Theory of Light and Color
17. Color Mixing (Part 3) Average Color Mixing
As mentioned in Chapter 15, there is a third type of color mixing called average color mixing, which is classified under additive color mixing (additive-average color mixing).
What makes additive color mixing "additive" is that the resulting color is brighter than the individual colors (more energy). For average color mixing, the brightness is the intermediate of the mixed colors (weighted average). In a broad mathematical sense, the weighted average is additive, so average color mixing is classified within additive color mixing.
Average color mixing occurs due to temporal or spatial conditions:
Temporal Average Color Mixing (Rotating Color Mixing)
A spinning toy top with multiple colors is an example of temporal average color mixing. For instance, a black and white top looks gray. Similarly, a yellow and red top makes orange. Moreover, the color changes according to the area ratio of each color.
When looking at the spinning top from a specific cone cell, light from each color area will alternate. If the rotation speed is slow, humans can recognize that each color is rotating. As the speed increases, the response time of the cone cells cannot keep up and perceives the average color.
The diagram on the right shows the change in incident light to a specific cone cell and its response. Red light and green light alternately enter in a step function. The physiological response speeds of the L- and M-cones are slow. Thus, the brain recognizes the red and green light as if they were incident at the same time, perceives yellow as an intermediate color, and the brightness felt is the average of the red and green.
Spatial Average Color Mixing
Consider the red and yellow check pattern shown on the right. When the pattern is larger, the red and yellow areas are distinct even when adjacent. When the size of adjacent colors exceeds the position resolution determined by the distribution of cone cells on the retina, the eye perceives an average color rather than individual colors. Thus, the red and yellow look orange when the pattern becomes small.
(Ⅰ) Example 1: Television and Computers
TV and computer screens have pixels of blue, green, and red. In blue areas, only blue pixels are shining. Similarly, only green pixels shine in the green areas, and only red pixels shine in the red areas.

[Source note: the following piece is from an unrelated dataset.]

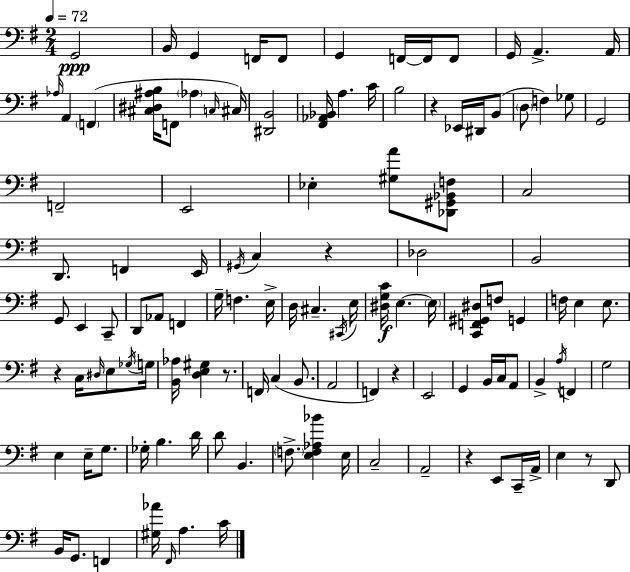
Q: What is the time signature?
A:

Moreover, the green and red pixels shine in yellow areas, and the blue pixels do not emit light (Y=G+R). In magenta areas, only red and blue pixels light up (M=R+B). The blue and green pixels turn on in cyan areas (C=B+G). All three colors light up in white areas (W=B+G+R). Different colors can be created by changing the emission intensity ratio of each pixel (B, G, R).
(Ⅱ) Example 2: Textiles
Fabrics that are woven with threads of different colors are perceived as the average mixture of the two colors when viewed at a distance.
(Ⅲ) Example 3: Pointillist Painting
The painting technique known as pointillism, is an application of spatial color mixing. Color dots of various densities and colors are combined to create average colors over the entire painting.
Combining Color Mixing Methods: Gravure Printing
When looking at a gravure print with a magnifying glass, you can see fine color dots printed in CMYK, known as halftone dots. Subtractive color mixing occurs where halftone dots overlap.
Dots colors created by subtractive color mixing are perceived as another color in the final print due to spatial average color mixing.
Physical Color Mixing and Physiological Color Mixing
In subtractive and additive color mixing, the process of color mixing is physical: color is mixed outside the eye. Average color mixing is physiological: individual color lights enter the eye physically, but they are mixed psychologically because temporal and spatial conditions exceed the responsivity of the eye.